The best part, however, was when it came time for dessert. (Isn’t that always the way??!!) We had requested wedding pie instead of cake since neither of us are cake fans and we both love fruit pies. The caterer told us that she works with a pastry chef and that they could create a pie to our liking. Good news, as the first company didn’t do pies, and we’d have had to find someone else to supply them.
As a pie maker myself, I’m pretty picky about the crust and the filling. And, Eileen, as the admiring and happy consumer of my pies, is similarly fastidious. The crust should be thin and flaky, and the filling shouldn’t be gelatinous or sweet. Our caterer was in agreement, and luckily she had equally high standards and a good dose of patience. Little did she realize how useful those qualities would be.

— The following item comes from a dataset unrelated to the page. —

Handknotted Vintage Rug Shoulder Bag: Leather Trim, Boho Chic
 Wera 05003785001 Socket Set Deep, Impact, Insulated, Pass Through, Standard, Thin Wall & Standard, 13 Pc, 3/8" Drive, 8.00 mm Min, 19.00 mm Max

Hopes were up when she brought out that first pie, artfully designed and prepared by her pastry chef. It was beautiful, rimmed with hearts made of pastry dough. But, as soon as we cut into it, we knew it wouldn’t work. The crust was thick, really thick, on the bottom, top and sides, and the filling between the pieces of fruit looked gluey. We dug into it anyway, and while I conceded that it tasted pretty good, it just wasn’t right. The caterer offered to have her chef make us another.
On a Friday afternoon a couple of weeks later we got a call that our pie was ready. We raced up to her kitchen, knowing that pie is best when it’s fresh, and sat down, with our mouths salivating. Before cutting, it looked like the crust would be fine, but again, as soon as the knife came out, we realized that there was not much improvement. Too thick, again. And, the fruit had been cut so small that you couldn’t tell the rhubarb from the strawberries. “No problem,” said the caterer. “We’ll try again.” “Okay,” we responded, trying not to appear too dismayed.
A week or so later, the call came again, and we returned for a third tasting. Still not quite right – the insides were too runny. The caterer agreed and promised us that they’d get it right before the wedding. By this time, I figured we weren’t going to get another chance to try yet another version. After all, how many free pies can an unmarried couple expect? But, another week or so later – just ten days before our wedding – we again got a call.
“Come on by and see if this one works. I’ve instructed the pastry chef to use a different crust recipe and a new thickener.” We were delighted. And again, made the trip to visit our now-favorite pie purveyor. I hate to say it, but again the three of us agreed that improvements still needed to be made. I started to feel like we were being overly demanding, too exacting, but the caterer disagreed, and the pastry chef – who we ran into on one of our many visits to their kitchen – did not seem offended by our constant rejections and suggestions for betterment.
At that point, I began to consider delaying the wedding for six months or so. After all, we had a good gig going, and if we could continue this pie tasting thing – with neither of the vendors getting perturbed – we’d do pretty well for ourselves. Maybe we’d gain some weight before the wedding, but heck, we had a great seamstress who could easily let our dresses, if needed. And, getting to taste a freshly-made pie every week, each one slightly better than the previous, would more than make up for the bother of having to reschedule….
Needless to say, we didn’t postpone the wedding. Nor was there time for a fifth tasting. We arrived at the wedding not knowing how our pies would be, but truth be told, by that time the flakiness of the crust and the gooeyness of the filling were the last things on our minds. And, when it came time to cut the pies, it really didn’t matter. The main pie – baked in a heart-shaped pan, with a lattice top and the pink strawberry-rhubarb filling peaking through – looked gorgeous. So beautiful that it took the cake!
And everyone lived happily ever after.